Entries shown
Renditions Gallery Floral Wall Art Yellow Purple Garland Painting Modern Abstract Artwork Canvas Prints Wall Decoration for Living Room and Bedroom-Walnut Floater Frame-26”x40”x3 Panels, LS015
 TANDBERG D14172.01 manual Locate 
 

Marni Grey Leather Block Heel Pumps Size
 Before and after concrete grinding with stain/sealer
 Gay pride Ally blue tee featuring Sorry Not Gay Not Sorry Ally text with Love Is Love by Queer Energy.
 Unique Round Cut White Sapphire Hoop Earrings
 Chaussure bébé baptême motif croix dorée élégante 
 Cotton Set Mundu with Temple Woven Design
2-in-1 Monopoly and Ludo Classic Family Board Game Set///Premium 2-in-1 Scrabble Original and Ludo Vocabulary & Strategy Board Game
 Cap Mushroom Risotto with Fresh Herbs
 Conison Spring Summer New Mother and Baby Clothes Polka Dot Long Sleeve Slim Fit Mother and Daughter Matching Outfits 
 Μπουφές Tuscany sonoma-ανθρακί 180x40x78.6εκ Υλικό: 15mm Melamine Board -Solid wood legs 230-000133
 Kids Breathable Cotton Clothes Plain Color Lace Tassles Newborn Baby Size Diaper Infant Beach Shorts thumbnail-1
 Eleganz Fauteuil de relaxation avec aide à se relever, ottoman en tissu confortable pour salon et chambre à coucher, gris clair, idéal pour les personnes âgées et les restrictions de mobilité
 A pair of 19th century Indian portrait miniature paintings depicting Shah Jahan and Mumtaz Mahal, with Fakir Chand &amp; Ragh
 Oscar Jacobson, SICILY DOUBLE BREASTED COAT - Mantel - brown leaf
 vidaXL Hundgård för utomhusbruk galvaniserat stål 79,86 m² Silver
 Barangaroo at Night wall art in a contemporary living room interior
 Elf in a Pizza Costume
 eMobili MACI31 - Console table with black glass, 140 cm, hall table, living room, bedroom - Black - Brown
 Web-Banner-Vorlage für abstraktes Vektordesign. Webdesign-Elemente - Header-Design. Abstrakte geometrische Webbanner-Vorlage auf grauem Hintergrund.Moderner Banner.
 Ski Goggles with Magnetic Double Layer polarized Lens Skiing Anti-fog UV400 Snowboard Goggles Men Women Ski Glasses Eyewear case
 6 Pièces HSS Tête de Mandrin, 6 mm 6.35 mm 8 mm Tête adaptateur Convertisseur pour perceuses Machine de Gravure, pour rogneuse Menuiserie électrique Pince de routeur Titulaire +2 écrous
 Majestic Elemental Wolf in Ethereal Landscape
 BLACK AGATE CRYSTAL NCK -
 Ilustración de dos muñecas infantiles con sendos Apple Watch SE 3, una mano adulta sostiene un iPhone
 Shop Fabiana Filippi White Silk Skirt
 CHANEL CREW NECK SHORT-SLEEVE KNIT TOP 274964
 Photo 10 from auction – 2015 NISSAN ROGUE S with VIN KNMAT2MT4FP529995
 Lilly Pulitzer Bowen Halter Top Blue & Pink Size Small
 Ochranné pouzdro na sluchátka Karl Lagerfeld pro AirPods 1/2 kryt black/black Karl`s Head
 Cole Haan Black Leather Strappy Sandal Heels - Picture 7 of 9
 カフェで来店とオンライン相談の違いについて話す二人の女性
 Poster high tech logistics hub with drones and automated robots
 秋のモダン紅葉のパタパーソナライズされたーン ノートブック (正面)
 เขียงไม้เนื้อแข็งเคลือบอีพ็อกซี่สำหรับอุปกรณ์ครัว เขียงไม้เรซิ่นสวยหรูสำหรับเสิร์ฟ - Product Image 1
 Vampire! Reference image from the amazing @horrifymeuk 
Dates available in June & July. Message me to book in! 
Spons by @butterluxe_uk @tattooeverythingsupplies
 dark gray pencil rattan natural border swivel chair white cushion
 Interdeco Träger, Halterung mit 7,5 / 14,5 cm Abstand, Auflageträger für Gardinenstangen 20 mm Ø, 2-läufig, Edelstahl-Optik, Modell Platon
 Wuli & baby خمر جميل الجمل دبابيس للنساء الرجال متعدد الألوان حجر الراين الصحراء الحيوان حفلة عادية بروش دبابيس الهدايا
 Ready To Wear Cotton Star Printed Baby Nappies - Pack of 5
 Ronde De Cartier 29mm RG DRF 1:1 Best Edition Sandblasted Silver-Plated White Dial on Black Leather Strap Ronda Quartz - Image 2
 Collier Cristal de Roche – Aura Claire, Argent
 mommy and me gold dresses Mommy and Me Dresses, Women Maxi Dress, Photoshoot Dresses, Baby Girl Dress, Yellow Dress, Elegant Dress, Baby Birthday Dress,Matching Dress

Work required
How many lines of the data include the word "Size"? Reply with the number and nothing else.

Answer box
3